◆ **Records contained in a dataset**
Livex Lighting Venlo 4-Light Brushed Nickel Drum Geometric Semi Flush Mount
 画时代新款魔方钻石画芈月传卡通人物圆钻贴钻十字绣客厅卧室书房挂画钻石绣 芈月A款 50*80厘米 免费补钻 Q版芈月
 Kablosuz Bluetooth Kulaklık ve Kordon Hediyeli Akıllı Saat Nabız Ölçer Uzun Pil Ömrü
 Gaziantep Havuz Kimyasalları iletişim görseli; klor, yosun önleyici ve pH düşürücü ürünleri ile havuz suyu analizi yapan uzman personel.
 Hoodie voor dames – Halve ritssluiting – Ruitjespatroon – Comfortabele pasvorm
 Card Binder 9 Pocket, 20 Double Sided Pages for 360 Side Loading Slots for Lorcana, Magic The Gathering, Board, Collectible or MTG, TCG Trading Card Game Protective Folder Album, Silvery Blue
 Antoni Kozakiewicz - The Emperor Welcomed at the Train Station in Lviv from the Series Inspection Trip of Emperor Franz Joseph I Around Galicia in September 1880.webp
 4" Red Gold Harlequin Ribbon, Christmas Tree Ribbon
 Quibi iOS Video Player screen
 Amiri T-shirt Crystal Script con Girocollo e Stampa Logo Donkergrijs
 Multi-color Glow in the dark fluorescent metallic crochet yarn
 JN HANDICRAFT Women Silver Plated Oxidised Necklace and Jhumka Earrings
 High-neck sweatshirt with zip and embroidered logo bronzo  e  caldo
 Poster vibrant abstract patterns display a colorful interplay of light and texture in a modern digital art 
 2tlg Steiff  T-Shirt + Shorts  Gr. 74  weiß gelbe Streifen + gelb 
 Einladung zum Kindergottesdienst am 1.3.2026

◆ **Aim of the exercise**
What you write must be the entries restated word for word, from the opening line through the one holding "Streifen + gelb", with nothing else.

◆ **Exercise output**
Livex Lighting Venlo 4-Light Brushed Nickel Drum Geometric Semi Flush Mount
 画时代新款魔方钻石画芈月传卡通人物圆钻贴钻十字绣客厅卧室书房挂画钻石绣 芈月A款 50*80厘米 免费补钻 Q版芈月
 Kablosuz Bluetooth Kulaklık ve Kordon Hediyeli Akıllı Saat Nabız Ölçer Uzun Pil Ömrü
 Gaziantep Havuz Kimyasalları iletişim görseli; klor, yosun önleyici ve pH düşürücü ürünleri ile havuz suyu analizi yapan uzman personel.
 Hoodie voor dames – Halve ritssluiting – Ruitjespatroon – Comfortabele pasvorm
 Card Binder 9 Pocket, 20 Double Sided Pages for 360 Side Loading Slots for Lorcana, Magic The Gathering, Board, Collectible or MTG, TCG Trading Card Game Protective Folder Album, Silvery Blue
 Antoni Kozakiewicz - The Emperor Welcomed at the Train Station in Lviv from the Series Inspection Trip of Emperor Franz Joseph I Around Galicia in September 1880.webp
 4" Red Gold Harlequin Ribbon, Christmas Tree Ribbon
 Quibi iOS Video Player screen
 Amiri T-shirt Crystal Script con Girocollo e Stampa Logo Donkergrijs
 Multi-color Glow in the dark fluorescent metallic crochet yarn
 JN HANDICRAFT Women Silver Plated Oxidised Necklace and Jhumka Earrings
 High-neck sweatshirt with zip and embroidered logo bronzo  e  caldo
 Poster vibrant abstract patterns display a colorful interplay of light and texture in a modern digital art 
 2tlg Steiff  T-Shirt + Shorts  Gr. 74  weiß gelbe Streifen + gelb 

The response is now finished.